Well that's not that simple.
First, keyboards have an annoying feature : an extra C key after the last octave, so it have to be removed : the U-shaped steel bed have to be cut as well as the PCB, and cut traces have to be repaired.
Secondly, another bed have to be made to hold the two keyboard together, and rigid enough so the whole keyboard will not bend. U and L shaped aluminum bar are the way to go. Optionally some cosmetic aluminum flat bars to hide the top of the keyboard and the end of the keys.
That should be enough for the mechanical issues.
The electronic circuit should be quite simple : 4x74164 parallel-out serial shift registers to select the 8x4=32 banks of 8 switches (so 32x8 = 256 switches, and 2 switches = 1 key so 128 keys max. ), with an Amega8 to select the banks sequentially / interpret the switch states on a 8bit port, to finally generate the MIDI key events with their velocities on a serial port. More details later on scanning techniques.

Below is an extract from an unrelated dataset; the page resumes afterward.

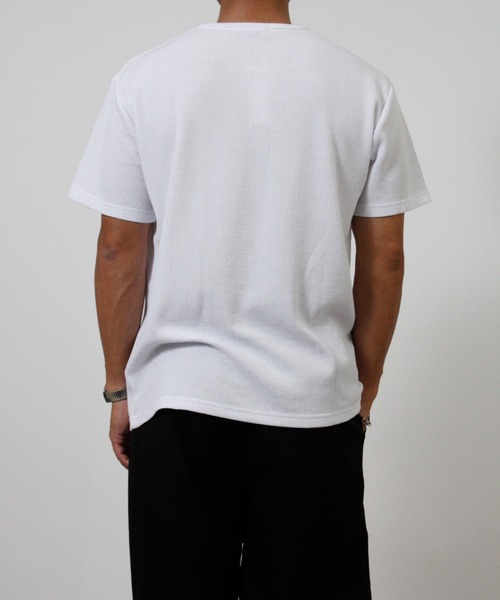 NYLAUS(ナイラス)の「【Nylaus】ヘンリーネック ワッフル 半袖Tシャツ 無地 ストレッチ(Tシャツ/カットソー・メンズ・杢グレー/ホワイト/ブラック・L/LL/M)」の13枚目の写真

Optionally, an analog multiplexer (4051) to measure the resistance of switches (around 70ohms) for some MIDI pressure control ? An STM32F4Discovery as a synth + serial midi<->usb interface ?
Great!!!,, I am interested in your project. I also have Yamaha P105 keyboard (88 key), main Midi Board and power board broken....
So, I am also tring to make midi board using by arduino. If you don't mind. Could you sharing your skill??? hardware software???